Building our own solid knowledge base is especially important in this area, because there are so many myths and so much misinformation out there. We also need to know the Church’s teaching on this subject, which is summarized in Catechism, nos. 2357-59. In communicating this information to others, though, three especially convincing sources of information are (a) personal testimonies, (b) reputable scientists, and (c) the “other side” (but quoted fairly and not out of context).
Second, we need to get involved, because traditional marriage is on shaky ground. In 1996, Congress passed Defense of Marriage Act which defined “marriage” and “spouse” as pertaining only to male/female couples, and it provided that no state would be required to recognize a same-sex marriage from another state if that state banned it.

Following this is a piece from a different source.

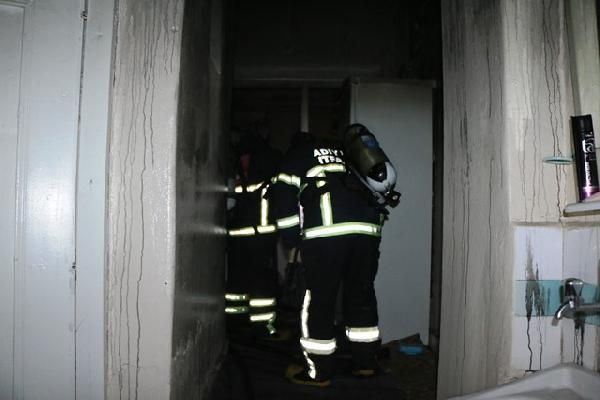 Adıyaman’da evde çıkan yangın paniğe neden oldu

However, all that could change as individual states liberalize their laws and allow for same-sex marriage. Most notably, in a 2003 Massachusetts Supreme Court decision entitled Goodrich vs. Department of Public Health, the state legislature was ordered to amend state law to allow persons of the same sex to marry.
So far, 18 out of 19 states have approved amendments to their own state constitutions, which is something we should support in every state. Even more, we should not give up on an amendment to the federal constitution, as we urge our representatives to make it an issue each election cycle.
In addition, more locally we need to oppose laws that incrementally recognize homosexual activity as a basic civil right. We need to be vigilant when it comes to our local school districts, which in some places implement sex education programs which, beyond the more usual problems associated with such programs, serve to indoctrinate our children such that they will “tolerate” homosexual activity as normal and good behavior. We need to fight pornography and other blights on the sexual mores of our communities. And we need to use blogs, letters to editors, personal conversations, and whatever other influences and contacts we might have to help mold public opinion. And we should support those individuals and organizations (e.g., in the Catholic world, Courage) who are trying to help.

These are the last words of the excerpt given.